A Blow to Byzantium in the Second Crusade

A 15th century CE painting by Jean Fouquet depicting the Second Crusaders (1147-49 CE), led by Louis VII and Conrad III, as they arrive at Constantinople, by Jean Fouquet / Wikimedia Commons

The Second Crusade was a serious blow to Byzantium’s carefully constructed diplomatic alliances.

By Mark Cartwright / 07.17.2018


The Second Crusade (1147-1149 CE) was a military campaign organised by the Pope and European nobles to recapture the city of Edessa in Mesopotamia which had fallen in 1144 CE to the Muslim Seljuk Turks. Despite an army of 60,000 and the presence of two western kings, the crusade was not successful in the Levant and caused further tension between the Byzantine Empire and the west. The Second Crusade also included significant campaigns in the Iberian peninsula and the Baltic against the Muslim Moors and pagan Europeans respectively. Both secondary campaigns were largely successful but the main objective, to free the Latin East from the threat of Muslim occupation, would remain unfulfilled, and so further crusades over the next two centuries would be called, all with only marginal successes.


Edessa, located on the edge of the desert of Syria in Upper Mesopotamia, was an important commercial and cultural centre. The city had been in Christian hands since the First Crusade (1095-1102 CE) but it fell to Imad ad-Din Zangi (r. 1127-1146 CE), the Muslim independent ruler of Mosul (in Iraq) and Aleppo (in Syria), on 24 December 1144 CE. Following the capture, which Muslims described as “the victory of victories” (Asbridge, 226), western Christians were killed or sold into slavery while eastern Christians were permitted to remain. A response was called for. The Christians of Edessa had appealed for help, and a general defence of the Latin East, as the Crusader states in the Middle East were collectively known, was required.

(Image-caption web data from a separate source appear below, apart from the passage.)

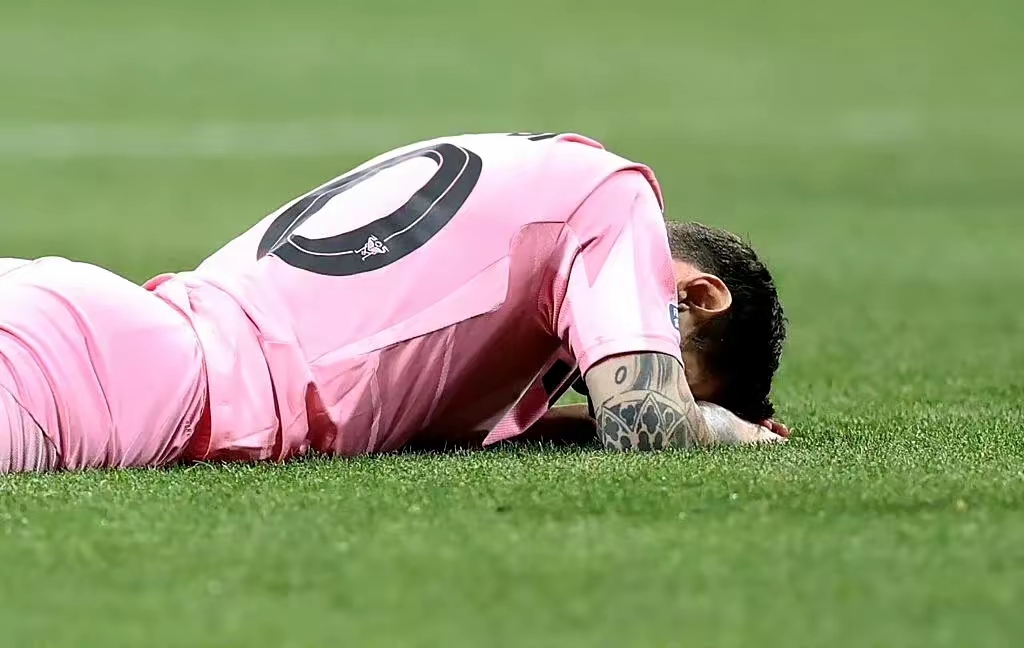 九游游戏平台-包含窗口期巴塞罗那备战法国杯；伤情更新细节曝光；赛场秩序良好；纪律约束更严格的词条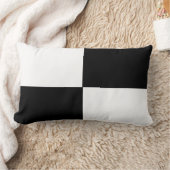 白黒ボード市松模様にパターン ランバークッション (ブランケット)
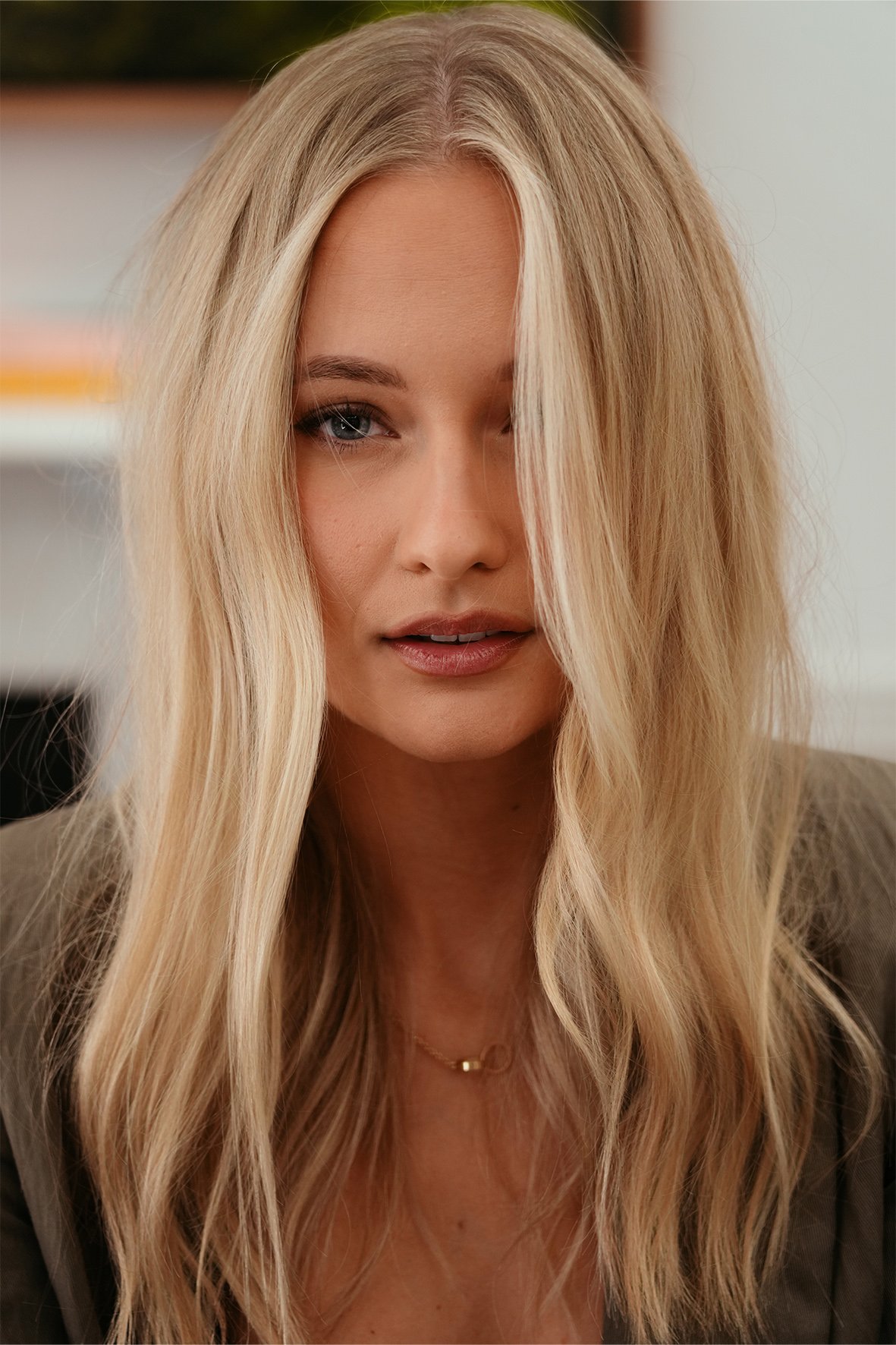 Soft beach waves featuring a sun-kissed blonde face framing balayage by Ale Paiva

Pope Eugenius III (r. 1145-1153 CE) formally called for a crusade (what is now known as the Second Crusade) on 1 December 1145 CE. The goals of the campaign were put somewhat vaguely. Neither Edessa nor Zangi was specifically mentioned, rather it was a broad appeal for the achievements of the First Crusade and Christians and holy relics in the Levant to be protected. This lack of a precise aim would have repercussions later in the Crusaders’ choice of military targets. To boost the Crusade’s appeal, Christians who joined were promised a remission of their sins, even if they died on the journey to the Levant. In addition, their property and families would be protected while away and such trivial matters as interest on loans would be suspended or cancelled. The appeal, backed by recruitment tours across Europe – notably by Bernard, abbot of Clairvaux – and the widespread public reading of a letter from the Pope (called the Quantum praedecessores after its first two words), was hugely successful, and 60,000 Crusaders made ready for departure.

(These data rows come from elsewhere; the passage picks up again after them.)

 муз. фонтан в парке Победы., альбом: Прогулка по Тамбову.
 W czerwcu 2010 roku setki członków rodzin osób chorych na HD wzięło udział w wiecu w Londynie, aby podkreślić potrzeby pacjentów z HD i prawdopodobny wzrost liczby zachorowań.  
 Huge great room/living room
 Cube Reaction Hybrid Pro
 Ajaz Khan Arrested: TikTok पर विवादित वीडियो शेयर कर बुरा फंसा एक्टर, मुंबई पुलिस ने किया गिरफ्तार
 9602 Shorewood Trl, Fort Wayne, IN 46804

The Crusade was led by the German king Conrad III (r. 1138-1152 CE) and Louis VII, the king of France (r. 1137-1180 CE). It was the first time that kings had personally led a crusader force. In the early summer of 1147 CE the army marched across Europe to Constantinople, and from there to the Levant where the French and German troops were joined by Italians, northern Europeans, and more French crusaders who had sailed rather than travelled by land. The Crusaders were reminded of the urgency of a military response when Nur al-Din (r. 1146-1174 CE), Zangi’s successor after his death in September 1146 CE, defeated the Latin leader Joscelin II’s attempt to retake Edessa. Once again the city was sacked to celebrate Nur al-Din’s new power. All the Christian male citizens of the city were slaughtered, and the women and children were sold into slavery, just as their western fellows had been two years before.

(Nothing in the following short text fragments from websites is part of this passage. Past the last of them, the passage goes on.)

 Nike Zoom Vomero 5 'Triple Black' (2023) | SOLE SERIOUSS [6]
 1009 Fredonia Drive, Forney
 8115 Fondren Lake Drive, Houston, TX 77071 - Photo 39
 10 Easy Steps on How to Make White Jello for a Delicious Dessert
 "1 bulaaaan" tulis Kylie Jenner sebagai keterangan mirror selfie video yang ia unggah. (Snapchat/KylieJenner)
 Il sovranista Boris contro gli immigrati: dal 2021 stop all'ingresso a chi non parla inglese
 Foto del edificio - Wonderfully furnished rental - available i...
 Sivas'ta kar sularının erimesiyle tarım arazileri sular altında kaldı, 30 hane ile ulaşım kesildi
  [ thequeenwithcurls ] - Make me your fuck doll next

Iberia and Baltic Campaigns

The Second Crusade, besides Edessa, had additional objectives in Iberia and the Baltic, and both campaigns were backed by the Pope. The crusaders who were to sail to the east were perhaps used in Iberia because they had to delay their departure in order for the land armies to make their slow progress to the Levant. The sea route was much quicker and so it was advantageous to put them to good use in the meantime. A fleet of some 160-200 Genoese ships packed with crusaders sailed for Lisbon to assist King Alfonso Henriques of Portugal (r. 1139-1185 CE) capture that city from the Muslims. On arrival, a textbook siege began on 28 June 1147 CE and was ultimately successful, the city falling on 21 October 1147 CE. Some crusaders successfully continued the war against the Muslims in Iberia, the reconquista, as it was known, notably capturing Almeria in northern Spain (17 October 1147 CE) guided by King Alfonso VII of León and Castille (r. 1126-1157 CE) and Tortosa in eastern Spain (30 December 1148 CE). An attack on Jaén in southern Spain, though, was a failure.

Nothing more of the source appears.